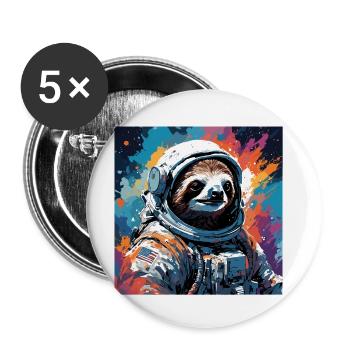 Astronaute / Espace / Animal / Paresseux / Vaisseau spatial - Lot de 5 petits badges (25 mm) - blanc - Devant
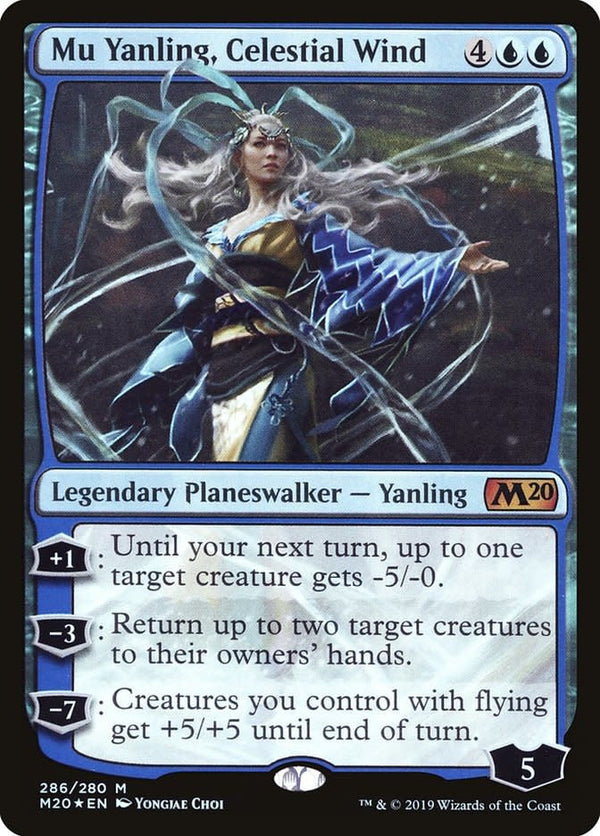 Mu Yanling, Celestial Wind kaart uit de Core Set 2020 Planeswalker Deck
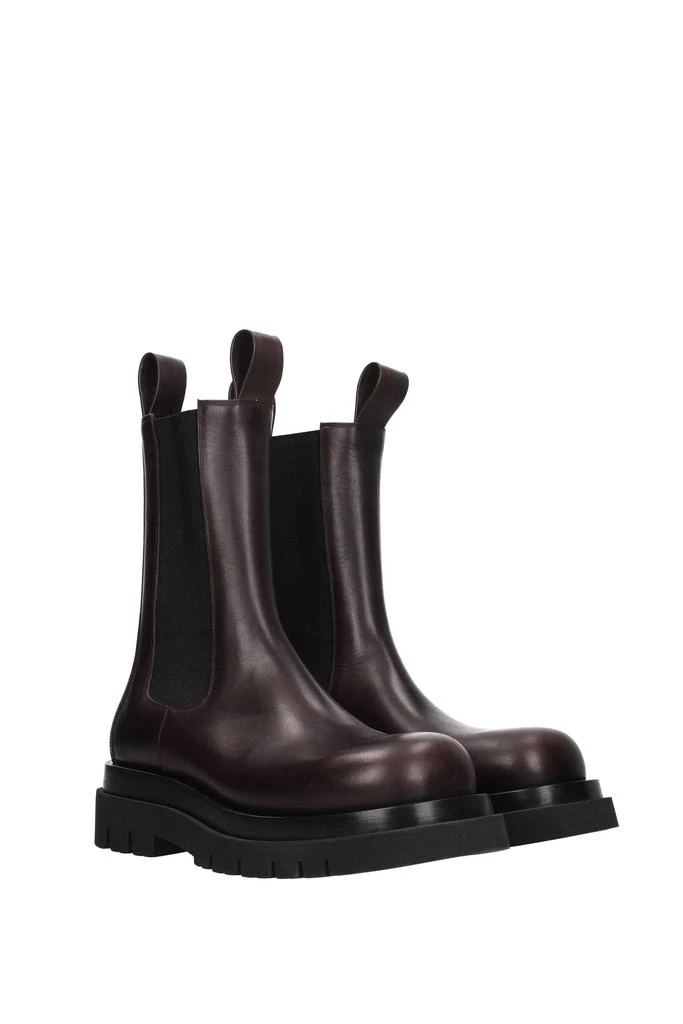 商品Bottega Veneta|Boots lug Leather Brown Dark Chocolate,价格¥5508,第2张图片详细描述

# About this exercise
With the images omitted, repeat all the data word for word.

# Written response
 Astronaute / Espace / Animal / Paresseux / Vaisseau spatial - Lot de 5 petits badges (25 mm) - blanc - Devant
 Mu Yanling, Celestial Wind kaart uit de Core Set 2020 Planeswalker Deck
 商品Bottega Veneta|Boots lug Leather Brown Dark Chocolate,价格¥5508,第2张图片详细描述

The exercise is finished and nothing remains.